As a mom of two boys who doesn't  stop, rest well that just doesn't happen much but this week I have had time with some extra hands on board to rest and read which has been a blessing. I have been praying over several of you and for my boys as I read and reflect on all that I was given and totally don't deserve.

I had a night out with a good friend this week, as we sat digging into two amazing desserts, one peanut butter cheesecake and the other an Oreo cheesecake that melted in your mouth, we talked about all the amazing things Christ has done for us. We reflected on our past, and as we did guilt began to kick in about poor choices we had made growing up, ones that we questioned if we would share with our kids, but as we sat there the picture that came up so clearly in my head is the story of the prodigal son, yet in my story it is one of a daughter. A daughter who lost here way and realized that true love was found in her Father's arms, as I thought of this the guilt left me. I began to remember the gospel story and all he had done for me, especially this past Easter weekend thousands of years ago, on a cross but most importantly the battle that took place in hell for my soul, the conquering of death and the witnesses that saw his nail scarred hands, and Christ in person walking, talking and eating after he lost all the blood that poured out of his physical body on that Friday evening.
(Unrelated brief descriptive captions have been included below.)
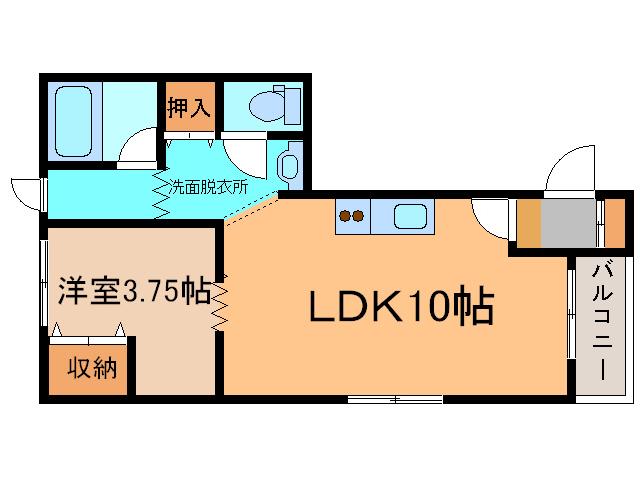 ムトウハイツ1(1LDK/1階)の間取り写真
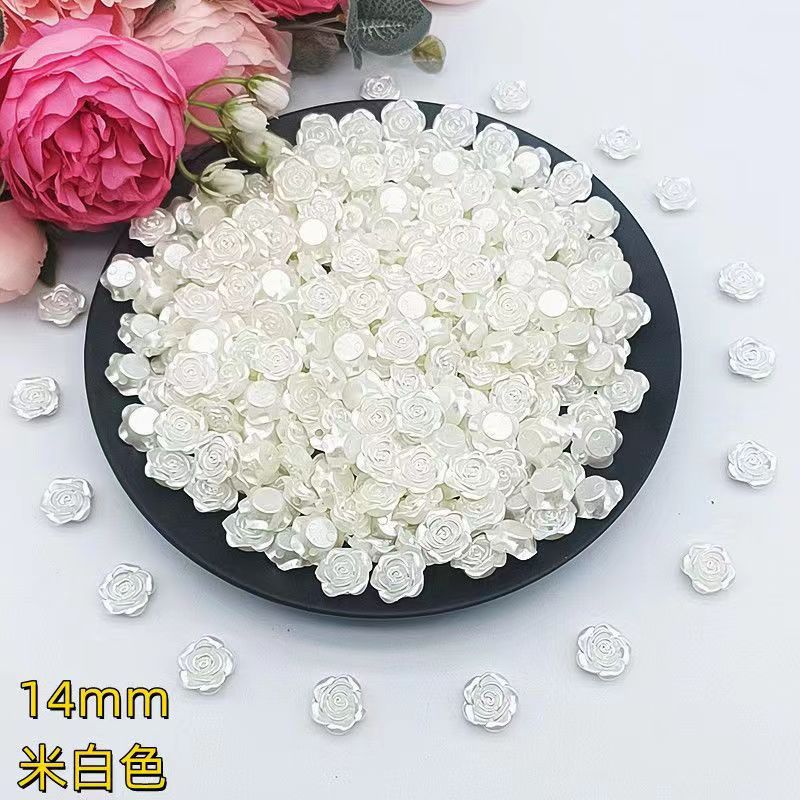 14mm happiness flower material diy handmade beaded abs simulation beads rose petals perforated mobile phone accessories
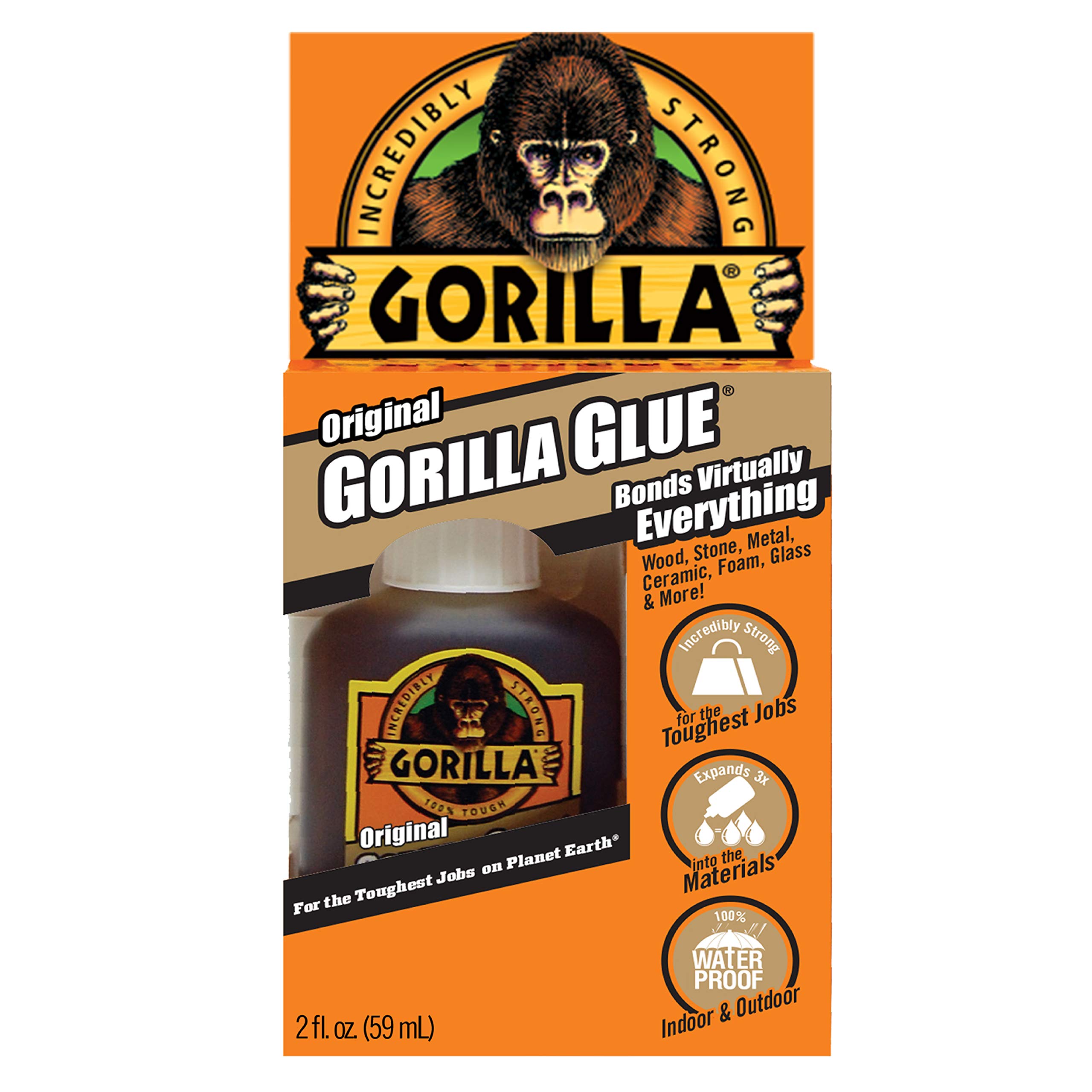 Photo 1 of Gorilla Original Gorilla Glue, Waterproof Polyurethane Glue, 2 Ounce Bottle, Brown, (Pack of 1)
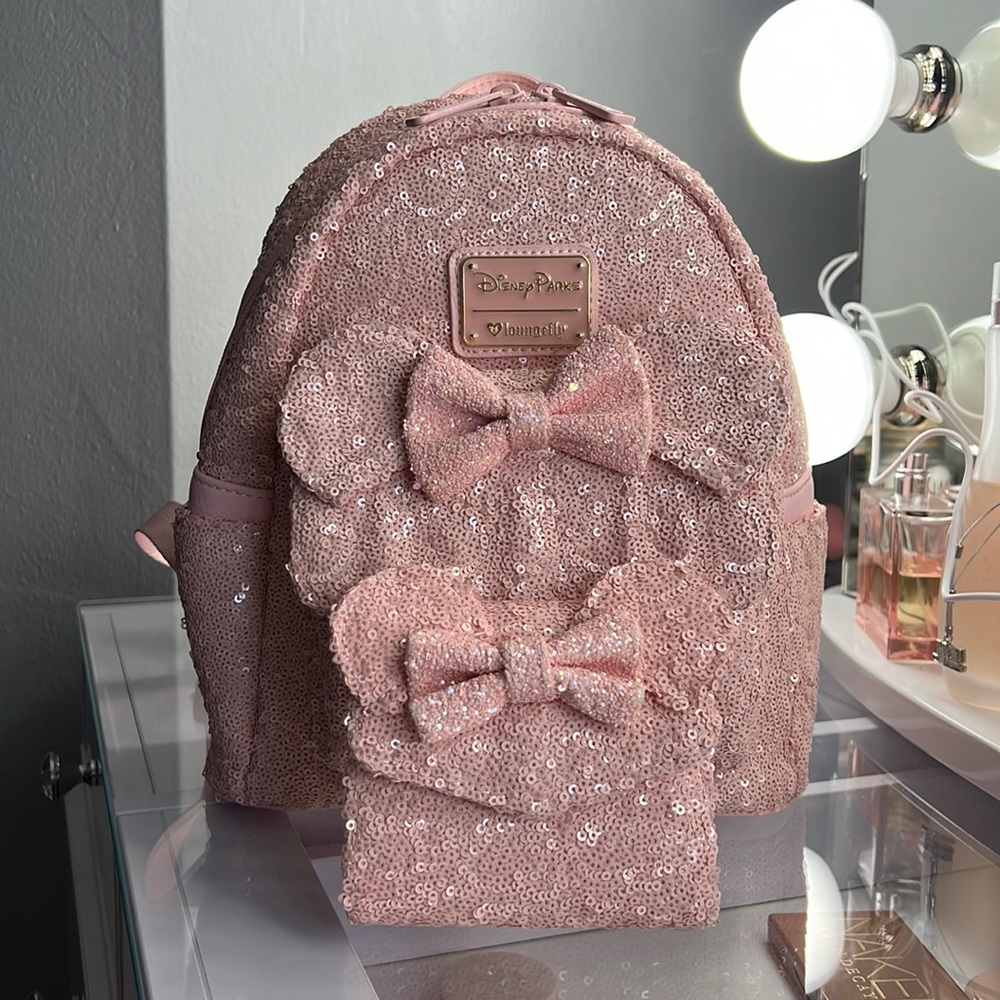 Disney Parks Loungefly Millennial Pink Sequin Mini Backpack and Wallet Set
You see I didn't deserve that and neither did my dear friend, but as we talked more we Praised Christ for his power of redemption and the love story that he wrote for each one of us. You see our story is not one to be ashamed of but is a living and breathing story of the gospel. I'm reminded through my story that "...God shows his love for us in that while we were still sinners, Christ died for us" Romans 5:8. This act of love and mercy is what removes all the guilt and shame that I carried for years, that and the reminder that "as far as the east is from the west, so far does he remove our transgressions from us" Psalm 103:12. I know many who feel ashamed and lost at their past story but friends it's your story and it's meant to be shared because if you are a child of Christ your story has been rewritten and Christ's love story takes over so please don't ever be ashamed of that! 

So my friends I will share my story for Gods name to be glorfied, as long as I have breathe. For my dear friend, I was once lost and now I have been found, I was blind but now I can see. Don't be ashamed of Christ's work in you.